Şimdi önceki paranteze döneyim. Biz hastalanıyoruz ve sonra iyileşirken eski halimize dönmüyoruz. Vücudumuzda hastalık kaynağı organizmalara karşı bir savaş veriliyor, bu savaş kazanılırsa iyileşmiş oluyoruz. Ama artık eski biz değiliz. Bir savaşı kazanmış, bizde rahatsızlığa yol açan organizmalarla baş etmeyi öğrenmiş bir organizmayız artık. Bizi hastalandıran organizmalardan kurtulmuş, onları def etmiş filan değiliz. Onlarla dövüşmeyi ve yenmeyi, sürekli yenmeyi bilen bir organizmayız.

Yani?

Eski halimize dönüyor değiliz. Aksine, eski halimize bir daha asla dönemeyecek kadar değişerek yol alıyoruz. Medyanın rahatsızlıkları da benzer şekilde aşılacak, eğer aşılacaksa. Yani mesela, hemen herkesin şiddetle itiraz ettiği sosyal medya, bu hususta, medyanın yol açtığı rahatsızlıklarla baş etmek konusunda çok müessir bir antikor gibi duruyor. İşe yaraması için usulünce kullanılması, usulünce kullanılması için de usulünce kullanmanın öğrenilmesi gerekiyor filan. Ama şimdilik, henüz, hastalıkla mücadele safhasındayız. Ateş yüksek, çünkü mücadele sürüyor.
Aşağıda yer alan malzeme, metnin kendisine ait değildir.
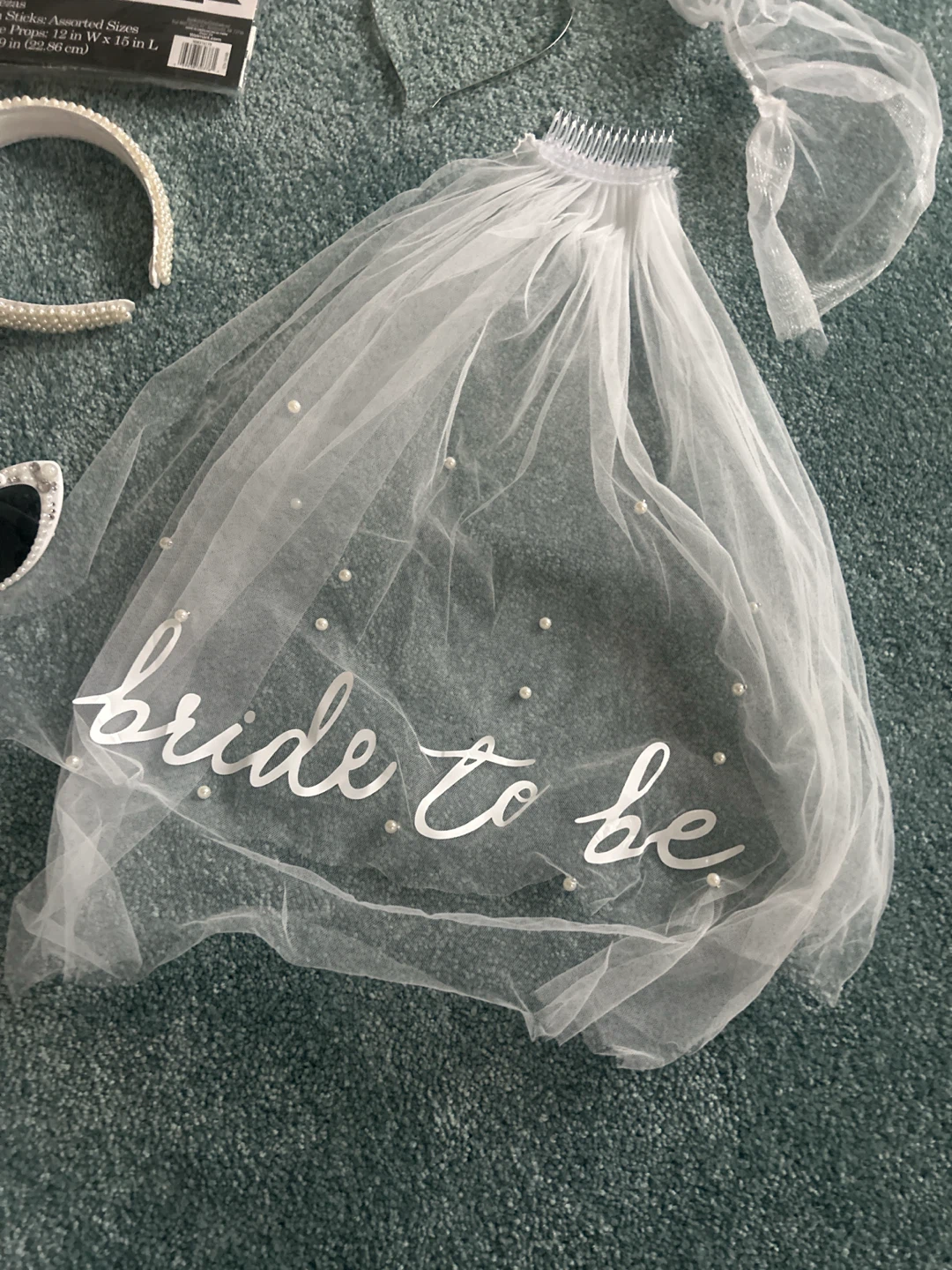 Bride to Be Accessory Set - photo 4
Bilal Meşe bu sürecin neresinde? Hangi haberi hangi saikla yapıyor? Elindeki gücü —medya mensubu olmaktan kaynaklanan ve uzun süredir medya mensubu olmakla tahkim ettiği itibar ve inandırıcılığı— ne maksatla kullanıyor, bilemem. Ama eğer mensup olduğu medya sektörünün genel hallerinden yola çıkarak bir tahminde bulunmam gerekirse nasıl bir tahminde bulunurum, yukarıdaki uzun tahlillerden bellidir herhalde.

***

Gelelim Arda Turan’a…

Kimdir, kimin nesidir, bilmem. Ama “ben iyi futbolcu olmak için çalışmıyorum, adam olmak için çalışıyorum” derken rol yapmadığını, samimi olduğunu düşünüyorum. Yani adam olmak derken kastettiği şey, kendince haksızlığa uğradığında, kendisine haksızlık yapana cepheden taarruz etmek, kendince adaleti kendisi tesis etmek. Öyle biliyor, öyle inanıyor.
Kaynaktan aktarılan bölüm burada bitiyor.